First definition using curves
Let $M$ be an $m$-dimensional manifold. For $p \in M$, the tangent space $T_p M$ is the set of all linear maps $v : C^\infty(M) \to \R$ of the form \(v(f) = \frac{d}{dt}\bigg\vert_{t=0} f(\gamma(t))\) where $\gamma \in C^\infty(J, M)$ is a smooth map with $\gamma(0) = p$ and $J \subseteq \R$ is an interval containing $0$. The elements of $T_p M$ are called tangent vectors to $M$ at $p$.
Charts and tangent spaces
Let $(U, \phi)$ be a coordinate chart around $p$. A linear map $v : C^\infty(M) \to \R$ belongs to $T_p M$ if and only if it has the form \(v(f) = \sum_{i=1}^m a^i \frac{\partial (f \circ \inv\phi)}{\partial u^i} \bigg\vert_{\u=\phi(p)} = \a \cdot \nabla (f \circ \inv \phi)\vert_{\phi(p)}\) for some $\a = (a^1, …, a^m) \in \R^m$.

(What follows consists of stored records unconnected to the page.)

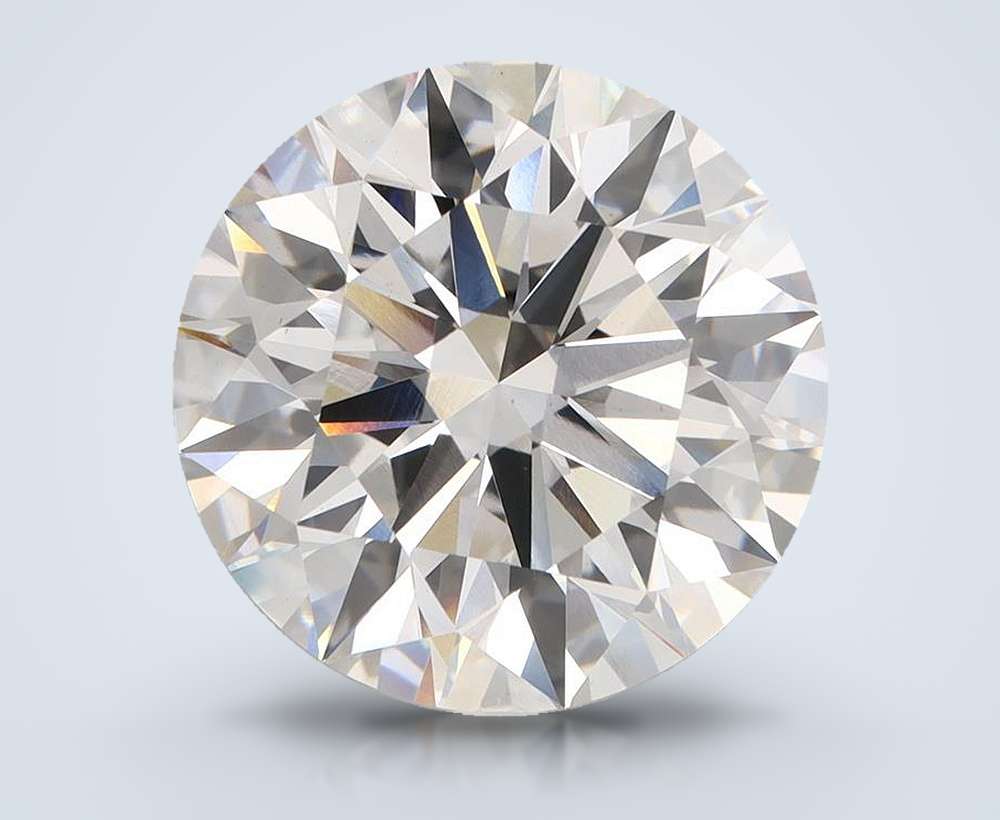 8.75 Carat Round Lab Diamond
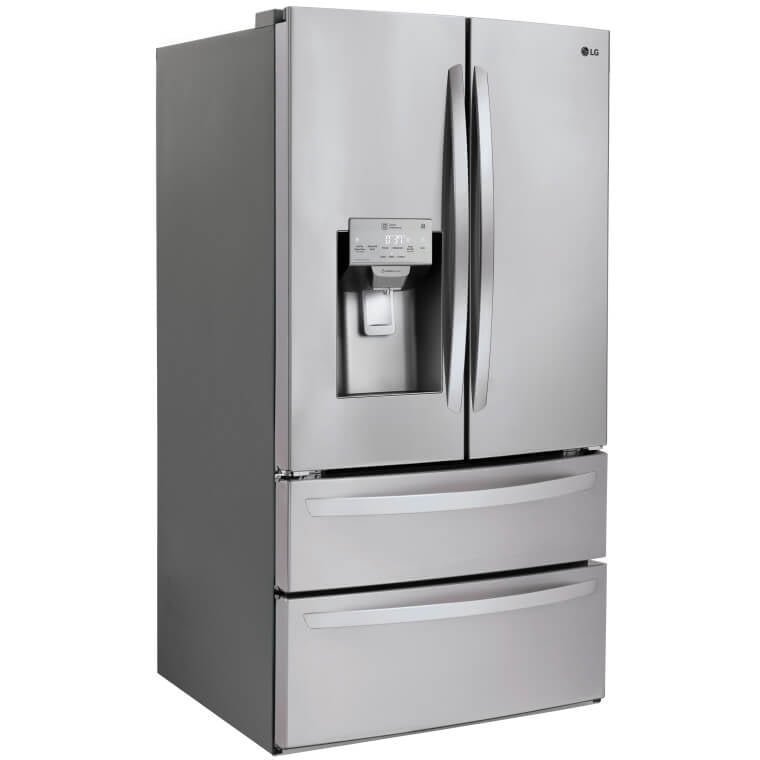 LG 28 Cu. ft. Smart Wi-Fi Enabled French Door Refrigerator, Stainless Steel (LMXS28626S)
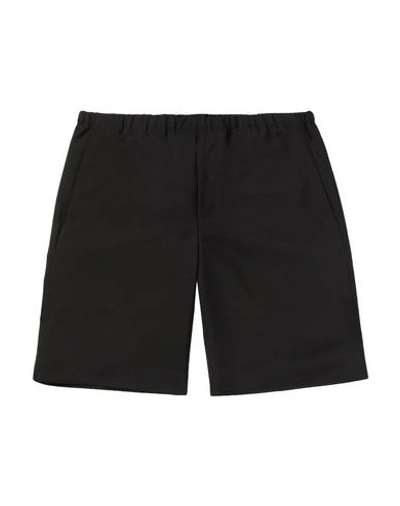 Shop Acne Studios Shorts & Bermuda In Black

As a consequence, $T_p M$ is an $m$-dimensional vector space.
Proof.
($\Rightarrow$) Suppose $v \in T_p M$, then for any $f \in \C^\infty(M)$,
\[v(f) = \frac{d}{dt} \bigg\vert_{t=0} f(\gamma(t))\]for some $\gamma \in C^\infty(J, M)$ with $\gamma(0) = p$. Inserting $\phi$, we see that
\[v(f) = \frac{d}{dt} \bigg\vert_{t=0} f(\inv \phi \circ \phi \circ \gamma(t))\]so if $\widetilde \gamma = \phi \circ \gamma$
\[v(f) = \frac{d}{dt} \bigg\vert_{t=0} (f \circ \inv \phi)(\widetilde \gamma(t))\]Since $\widetilde \gamma : J \to \R^m$, we have a composition of functions between Euclidean spaces, so we can use the chain rule to see
\[\begin{align*} v(f) &= \sum_{i=1}^m \frac{\partial (f \circ \inv \phi)}{\partial u^i} \bigg\vert_{\u=\widetilde\gamma(0)} \frac{\partial \widetilde\gamma^i}{\partial t} \bigg\vert_{t=0} \\ &= \sum_{i=1}^m \frac{\partial (f \circ \inv \phi)}{\partial u^i} \bigg\vert_{\u=\phi(p)} a^i \\ &= \nabla (f \circ \inv \phi)\vert_{\phi(p)} \cdot \a \end{align*}\]where $\ds a^i = \frac{d\widetilde\gamma^i}{dt}\bigg\vert_{t=0}$, so $\ds \a = \frac{\partial \widetilde \gamma}{\partial t} \bigg\vert_{t=0}$. So we have shown what we wanted.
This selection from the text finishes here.